COLLECTED MATERIAL:
---

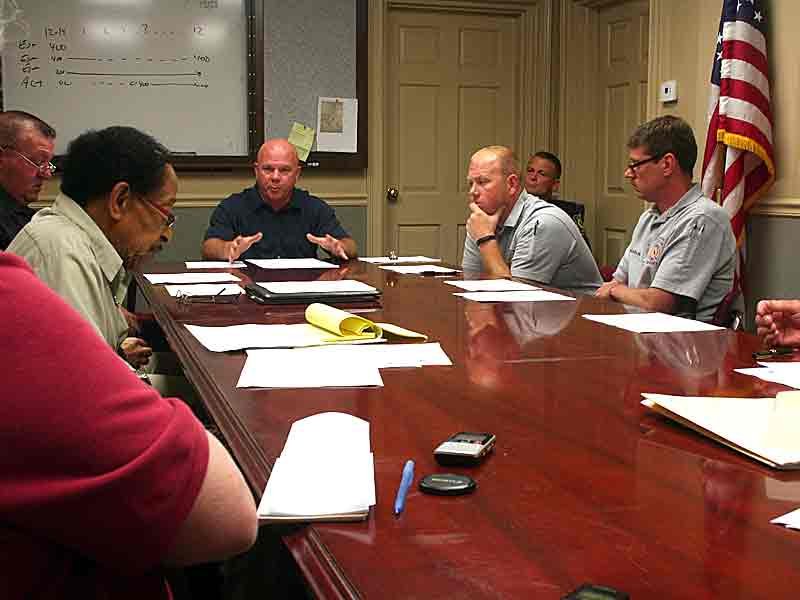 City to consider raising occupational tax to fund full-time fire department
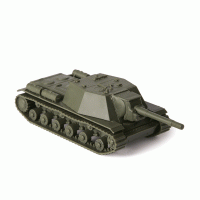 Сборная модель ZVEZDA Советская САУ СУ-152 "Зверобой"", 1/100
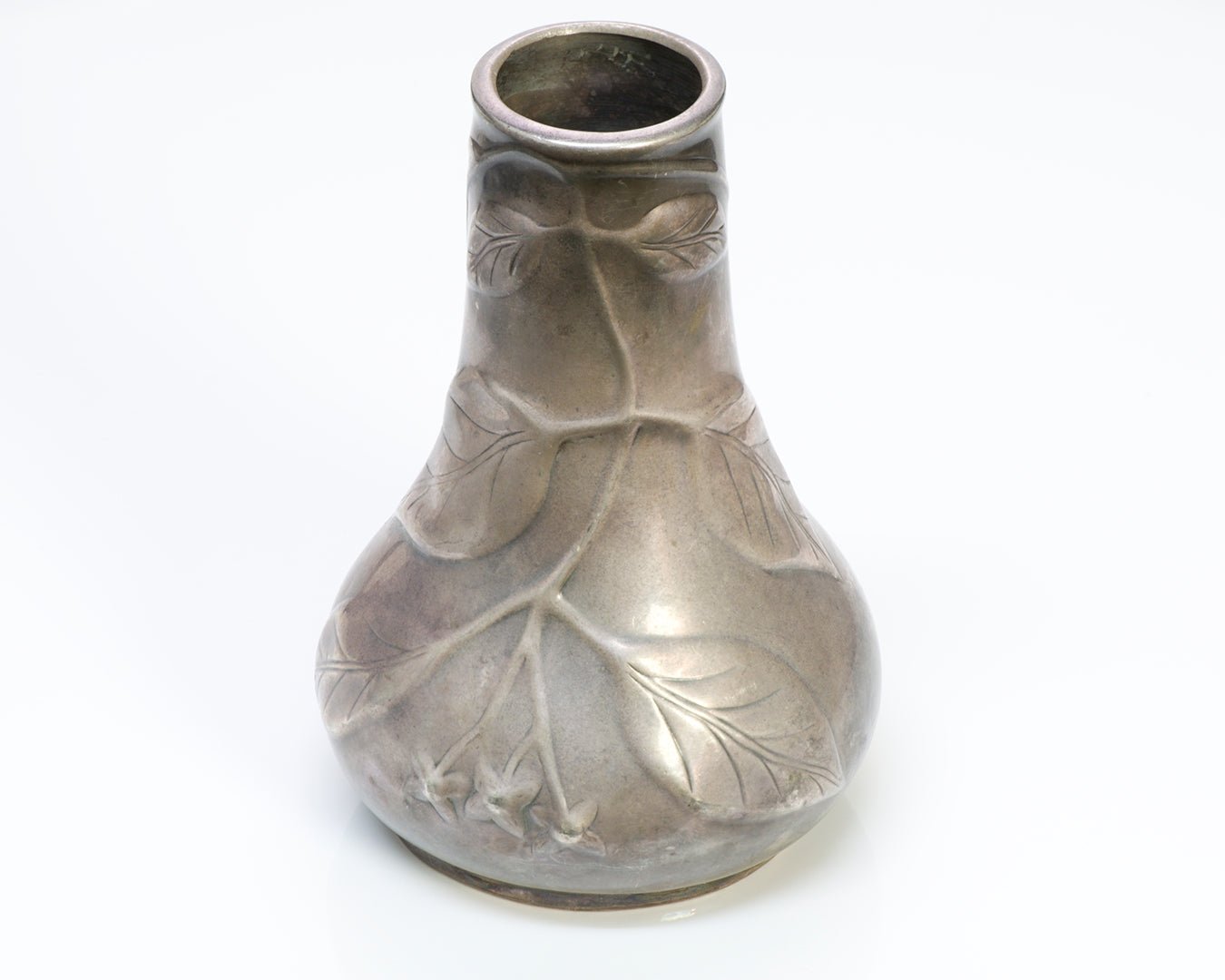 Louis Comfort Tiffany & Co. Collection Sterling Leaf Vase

---

THE PROBLEM: Give all the lines above again, character for character, without pictures.

RESPONSE AREA:
 City to consider raising occupational tax to fund full-time fire department
 Сборная модель ZVEZDA Советская САУ СУ-152 "Зверобой"", 1/100
 Louis Comfort Tiffany & Co. Collection Sterling Leaf Vase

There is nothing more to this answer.